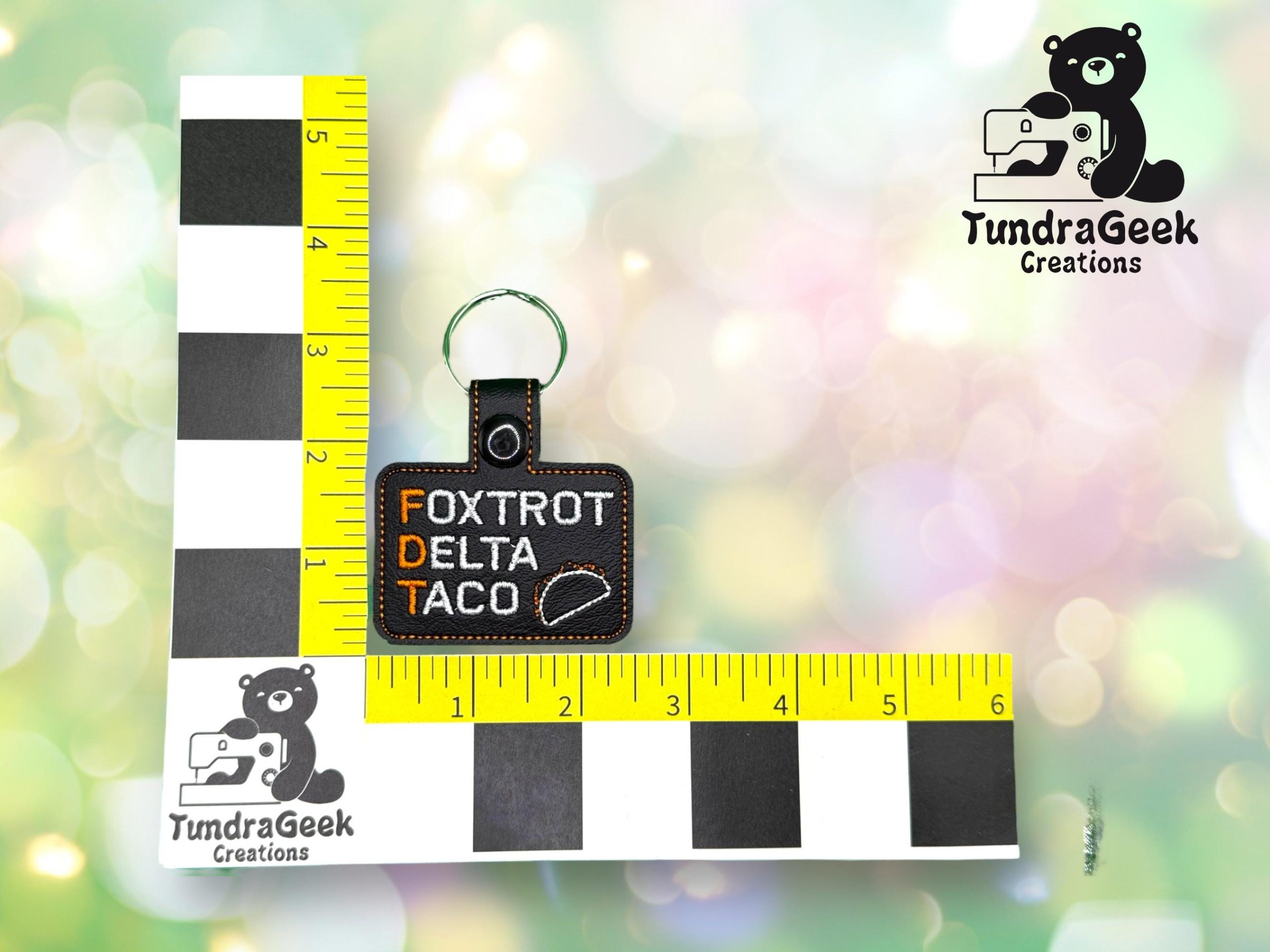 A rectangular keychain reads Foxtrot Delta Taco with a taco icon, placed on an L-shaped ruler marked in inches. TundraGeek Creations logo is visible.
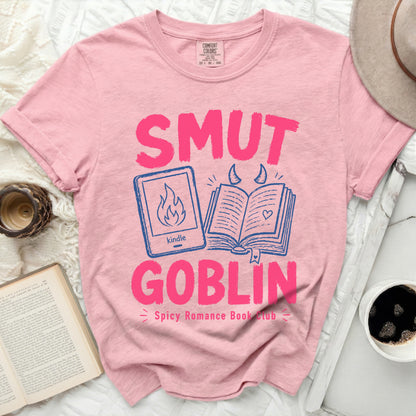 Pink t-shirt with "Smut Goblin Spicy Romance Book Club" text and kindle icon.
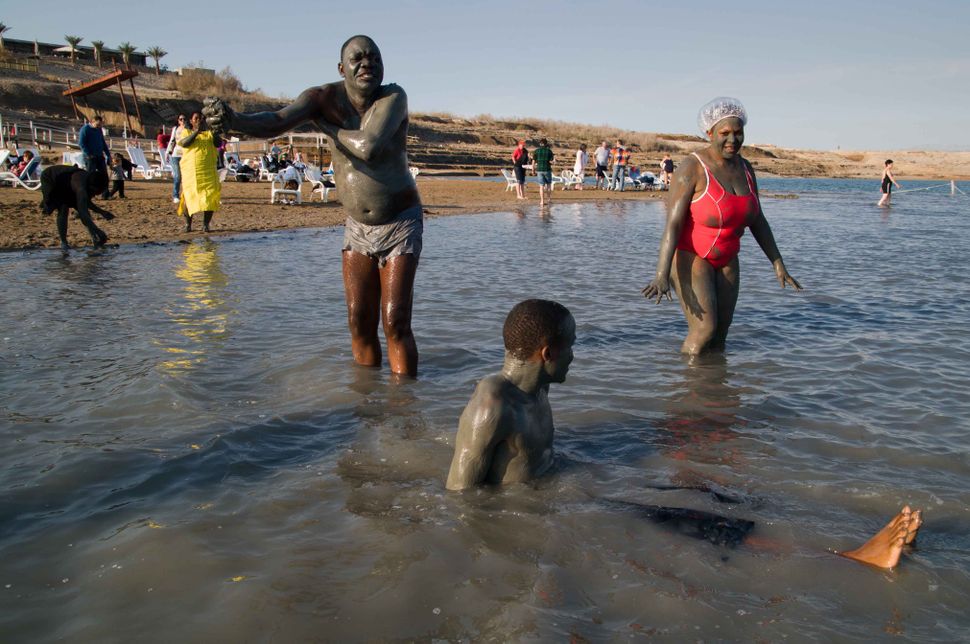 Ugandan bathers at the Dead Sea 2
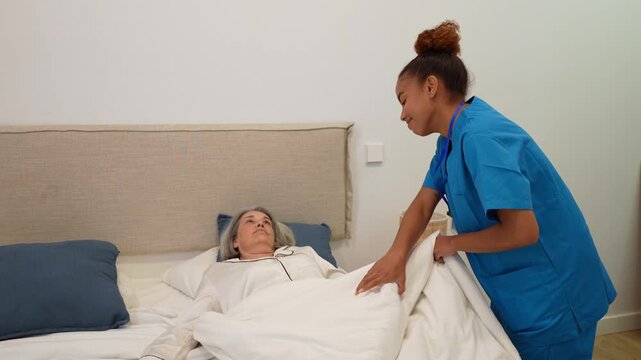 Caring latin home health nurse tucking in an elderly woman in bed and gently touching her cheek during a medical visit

* [Problem requirements]
Copy all the data exactly as written, but skip any picture.

* [Output]
 A rectangular keychain reads Foxtrot Delta Taco with a taco icon, placed on an L-shaped ruler marked in inches. TundraGeek Creations logo is visible.
 Pink t-shirt with "Smut Goblin Spicy Romance Book Club" text and kindle icon.
 Ugandan bathers at the Dead Sea 2
 Caring latin home health nurse tucking in an elderly woman in bed and gently touching her cheek during a medical visit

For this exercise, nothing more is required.